(Source data):
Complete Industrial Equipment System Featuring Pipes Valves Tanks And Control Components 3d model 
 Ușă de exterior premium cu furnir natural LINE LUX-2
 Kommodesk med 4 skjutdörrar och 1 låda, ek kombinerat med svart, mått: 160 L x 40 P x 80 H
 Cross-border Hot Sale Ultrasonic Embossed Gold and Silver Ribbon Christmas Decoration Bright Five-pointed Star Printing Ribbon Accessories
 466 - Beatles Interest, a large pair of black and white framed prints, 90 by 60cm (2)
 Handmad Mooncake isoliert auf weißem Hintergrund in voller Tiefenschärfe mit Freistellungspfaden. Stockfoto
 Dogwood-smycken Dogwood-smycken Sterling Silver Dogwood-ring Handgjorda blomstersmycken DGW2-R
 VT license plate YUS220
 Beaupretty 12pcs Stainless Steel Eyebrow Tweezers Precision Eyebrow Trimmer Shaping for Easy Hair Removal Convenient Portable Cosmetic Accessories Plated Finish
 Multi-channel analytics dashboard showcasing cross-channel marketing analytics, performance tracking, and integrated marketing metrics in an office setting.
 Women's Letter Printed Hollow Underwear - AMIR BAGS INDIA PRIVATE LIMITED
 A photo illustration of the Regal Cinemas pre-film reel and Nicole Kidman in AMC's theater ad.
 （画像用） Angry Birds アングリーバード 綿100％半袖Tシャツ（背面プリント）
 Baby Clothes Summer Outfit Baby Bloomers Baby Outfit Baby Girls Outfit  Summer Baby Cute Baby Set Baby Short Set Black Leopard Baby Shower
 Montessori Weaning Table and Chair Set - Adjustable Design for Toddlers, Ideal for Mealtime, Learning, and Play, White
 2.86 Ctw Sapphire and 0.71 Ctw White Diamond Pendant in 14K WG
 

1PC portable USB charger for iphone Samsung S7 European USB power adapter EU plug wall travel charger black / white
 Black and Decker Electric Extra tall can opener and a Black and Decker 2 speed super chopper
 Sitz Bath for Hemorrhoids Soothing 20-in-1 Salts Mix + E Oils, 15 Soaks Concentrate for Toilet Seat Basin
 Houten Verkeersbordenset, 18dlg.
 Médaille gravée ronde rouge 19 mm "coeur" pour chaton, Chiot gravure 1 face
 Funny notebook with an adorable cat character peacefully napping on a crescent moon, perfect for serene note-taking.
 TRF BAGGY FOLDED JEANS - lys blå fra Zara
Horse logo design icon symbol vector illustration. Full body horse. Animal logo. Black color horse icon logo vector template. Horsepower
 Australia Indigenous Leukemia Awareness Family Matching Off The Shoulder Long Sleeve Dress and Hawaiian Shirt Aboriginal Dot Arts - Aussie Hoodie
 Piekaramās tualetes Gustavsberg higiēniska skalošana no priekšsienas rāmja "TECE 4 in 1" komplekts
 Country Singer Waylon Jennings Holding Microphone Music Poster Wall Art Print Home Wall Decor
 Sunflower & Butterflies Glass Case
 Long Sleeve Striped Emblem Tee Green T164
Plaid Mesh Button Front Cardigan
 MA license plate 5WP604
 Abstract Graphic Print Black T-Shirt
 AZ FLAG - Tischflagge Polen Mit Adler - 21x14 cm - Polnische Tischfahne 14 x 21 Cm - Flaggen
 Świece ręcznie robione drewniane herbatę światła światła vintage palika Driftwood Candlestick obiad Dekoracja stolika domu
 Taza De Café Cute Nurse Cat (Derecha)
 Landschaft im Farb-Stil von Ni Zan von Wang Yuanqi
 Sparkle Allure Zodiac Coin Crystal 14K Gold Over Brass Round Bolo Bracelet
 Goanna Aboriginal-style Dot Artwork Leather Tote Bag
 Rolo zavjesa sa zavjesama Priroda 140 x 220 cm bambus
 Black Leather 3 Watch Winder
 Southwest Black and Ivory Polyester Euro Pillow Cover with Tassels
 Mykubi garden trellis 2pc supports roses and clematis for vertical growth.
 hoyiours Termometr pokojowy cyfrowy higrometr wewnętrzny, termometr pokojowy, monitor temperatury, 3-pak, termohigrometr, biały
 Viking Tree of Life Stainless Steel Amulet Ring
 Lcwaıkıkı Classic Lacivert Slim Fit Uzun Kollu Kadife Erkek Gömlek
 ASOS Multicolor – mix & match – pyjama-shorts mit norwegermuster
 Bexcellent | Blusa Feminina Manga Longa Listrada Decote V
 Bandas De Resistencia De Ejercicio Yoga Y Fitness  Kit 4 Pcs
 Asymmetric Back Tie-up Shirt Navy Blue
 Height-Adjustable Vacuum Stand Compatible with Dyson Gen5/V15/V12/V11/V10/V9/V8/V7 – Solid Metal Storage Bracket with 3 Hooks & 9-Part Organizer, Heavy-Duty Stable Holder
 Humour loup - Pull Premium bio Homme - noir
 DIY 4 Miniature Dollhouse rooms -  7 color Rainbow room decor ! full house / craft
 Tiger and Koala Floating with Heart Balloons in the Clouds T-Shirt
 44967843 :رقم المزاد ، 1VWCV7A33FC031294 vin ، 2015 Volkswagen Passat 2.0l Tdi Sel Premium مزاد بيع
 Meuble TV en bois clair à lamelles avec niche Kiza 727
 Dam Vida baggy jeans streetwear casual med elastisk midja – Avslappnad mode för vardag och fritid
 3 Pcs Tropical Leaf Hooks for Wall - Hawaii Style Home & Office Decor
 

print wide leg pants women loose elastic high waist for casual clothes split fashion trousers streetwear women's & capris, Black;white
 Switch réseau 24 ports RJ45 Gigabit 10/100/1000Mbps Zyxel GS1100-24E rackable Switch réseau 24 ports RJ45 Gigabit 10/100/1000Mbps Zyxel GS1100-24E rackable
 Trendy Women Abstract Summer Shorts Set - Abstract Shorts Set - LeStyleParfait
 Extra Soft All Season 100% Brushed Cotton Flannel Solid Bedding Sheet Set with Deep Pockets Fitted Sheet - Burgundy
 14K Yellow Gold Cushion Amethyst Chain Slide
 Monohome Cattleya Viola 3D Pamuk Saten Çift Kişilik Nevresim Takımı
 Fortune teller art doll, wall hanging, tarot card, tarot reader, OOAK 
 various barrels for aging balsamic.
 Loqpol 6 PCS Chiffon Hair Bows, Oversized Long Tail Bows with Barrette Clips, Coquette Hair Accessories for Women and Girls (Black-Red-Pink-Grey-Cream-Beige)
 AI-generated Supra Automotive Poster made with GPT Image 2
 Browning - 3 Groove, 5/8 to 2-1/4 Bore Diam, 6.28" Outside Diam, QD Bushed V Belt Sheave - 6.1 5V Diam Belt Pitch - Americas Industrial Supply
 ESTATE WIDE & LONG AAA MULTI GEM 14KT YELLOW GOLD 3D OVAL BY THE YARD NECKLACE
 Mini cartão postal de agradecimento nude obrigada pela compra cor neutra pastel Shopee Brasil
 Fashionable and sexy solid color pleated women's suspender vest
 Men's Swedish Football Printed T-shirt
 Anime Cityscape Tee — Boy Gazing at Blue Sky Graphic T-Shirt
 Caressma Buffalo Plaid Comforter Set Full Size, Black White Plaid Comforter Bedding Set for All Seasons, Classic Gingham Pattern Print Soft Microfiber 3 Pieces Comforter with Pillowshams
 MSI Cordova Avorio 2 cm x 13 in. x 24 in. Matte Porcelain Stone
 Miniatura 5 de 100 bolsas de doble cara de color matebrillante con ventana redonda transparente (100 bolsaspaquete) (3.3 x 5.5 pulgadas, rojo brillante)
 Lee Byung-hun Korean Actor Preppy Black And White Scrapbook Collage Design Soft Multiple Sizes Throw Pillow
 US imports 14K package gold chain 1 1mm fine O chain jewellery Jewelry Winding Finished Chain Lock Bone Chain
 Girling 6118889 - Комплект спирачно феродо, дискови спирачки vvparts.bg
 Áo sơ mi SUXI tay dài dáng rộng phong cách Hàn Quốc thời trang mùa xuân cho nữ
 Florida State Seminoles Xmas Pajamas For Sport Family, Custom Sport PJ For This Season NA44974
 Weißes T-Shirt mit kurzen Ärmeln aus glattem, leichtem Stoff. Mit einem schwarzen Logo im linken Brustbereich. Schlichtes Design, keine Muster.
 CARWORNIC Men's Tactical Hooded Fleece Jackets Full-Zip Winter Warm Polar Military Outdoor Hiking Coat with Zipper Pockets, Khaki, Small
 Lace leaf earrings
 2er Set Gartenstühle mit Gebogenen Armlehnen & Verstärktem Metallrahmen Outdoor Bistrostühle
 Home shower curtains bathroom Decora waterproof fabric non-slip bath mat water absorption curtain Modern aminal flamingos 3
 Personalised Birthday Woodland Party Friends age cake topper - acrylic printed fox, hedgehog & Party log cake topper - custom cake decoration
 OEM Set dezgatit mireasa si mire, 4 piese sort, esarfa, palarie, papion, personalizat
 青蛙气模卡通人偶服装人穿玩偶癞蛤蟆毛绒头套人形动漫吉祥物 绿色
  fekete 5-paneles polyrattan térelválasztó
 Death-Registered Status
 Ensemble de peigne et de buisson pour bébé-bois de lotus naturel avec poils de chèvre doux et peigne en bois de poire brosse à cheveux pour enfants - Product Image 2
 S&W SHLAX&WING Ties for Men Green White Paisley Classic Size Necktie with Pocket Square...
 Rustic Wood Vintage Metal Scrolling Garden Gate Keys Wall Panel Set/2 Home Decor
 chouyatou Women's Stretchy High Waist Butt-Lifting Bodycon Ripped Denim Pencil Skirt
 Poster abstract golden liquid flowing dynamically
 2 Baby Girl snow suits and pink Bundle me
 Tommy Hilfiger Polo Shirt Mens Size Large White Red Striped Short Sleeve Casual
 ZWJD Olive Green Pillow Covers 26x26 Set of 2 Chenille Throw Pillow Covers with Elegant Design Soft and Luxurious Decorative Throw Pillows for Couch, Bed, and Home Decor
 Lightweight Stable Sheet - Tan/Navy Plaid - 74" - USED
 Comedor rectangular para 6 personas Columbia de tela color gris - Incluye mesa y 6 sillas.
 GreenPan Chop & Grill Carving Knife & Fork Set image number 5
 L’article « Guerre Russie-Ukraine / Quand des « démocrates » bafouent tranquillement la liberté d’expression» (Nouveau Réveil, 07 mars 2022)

(EXERCISE DIRECTIONS): In the records above, find each line that mentions the word "Leather", and copy it.

(OUTPUT FOR THIS EXERCISE):
 Goanna Aboriginal-style Dot Artwork Leather Tote Bag
 Black Leather 3 Watch Winder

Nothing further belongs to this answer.